8.14 Force Majeure. Neither Party will be liable or be deemed in breach of this Agreement for any failure or delay of performance that results, directly or indirectly, from acts of God, pandemic, civil or military authority, public disturbance, acts of terrorism, accidents, fires, or any other cause beyond the reasonable control of either Party, and such nonperformance will not be grounds for termination.
8.15 Regulatory References. A reference in this Agreement to a provision or section in any Applicable Privacy and Security Laws means the provision or section (and any implementing regulations, if applicable) in effect on the Effective Date, or as later amended, and for which compliance is required.
8.16 Interpretation.

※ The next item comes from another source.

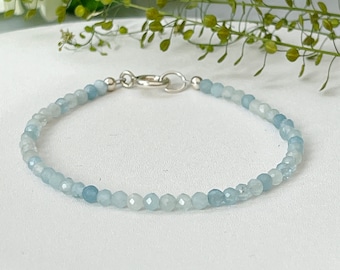 Aquamarine Bracelet For March Birthday Gift, March Birthstone, Stacker Bracelet, Sterling Silver, Handmade, Any Size, Large Fastening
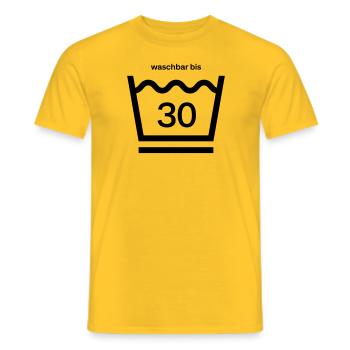 Waschbar bis 30 Grad - Männer T-Shirt - Gelb - Vorne - AI Model Male 178 dark (178cm)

In the interpretation of this Agreement, except where the context otherwise requires, (i) “including” or “include” does not denote or imply any limitation, (ii) “or” has the inclusive meaning “and/or,” (iii) “and/or” means “or” and is used for emphasis only, (iv) the singular includes the plural, and vice versa, and each gender includes each other gender, (v) captions or headings are only for reference and are not to be considered in interpreting this Agreement, (vi) “Section” refers to a section of this Agreement, unless otherwise stated in this Agreement, and (vii) “day” refers to a calendar day unless expressly identified as a business day. Any ambiguity in this Agreement will be resolved in favor of a meaning that permits the Parties to comply with Applicable Privacy and Security Laws.
8.17 Relationship. Business Associate is acting as an independent contractor of Covered Entity with respect to this Agreement. Nothing in this Agreement will create or be deemed to create the relationship of employer/employee, partners, joint ventures, or principal-agent between the Parties. In addition, (i) no Party will have any authority to assume or create any obligation or responsibility whatsoever, express or implied, on behalf or in the name of the other Party, or to bind the other Party in any manner whatsoever, and (ii) no Party will make any representation, warranty, covenant, agreement, or commitment on behalf of the other Party.
8.18 Disclaimer. Subject to Section 5 of this Agreement, Covered Entity makes no warranty or representation that compliance by Business Associate with this Agreement will be adequate or satisfactory for Business Associate’s own purposes under Applicable Privacy and Security Laws. Business Associate is solely responsible for all decisions made by Business Associate regarding the safeguarding of PHI.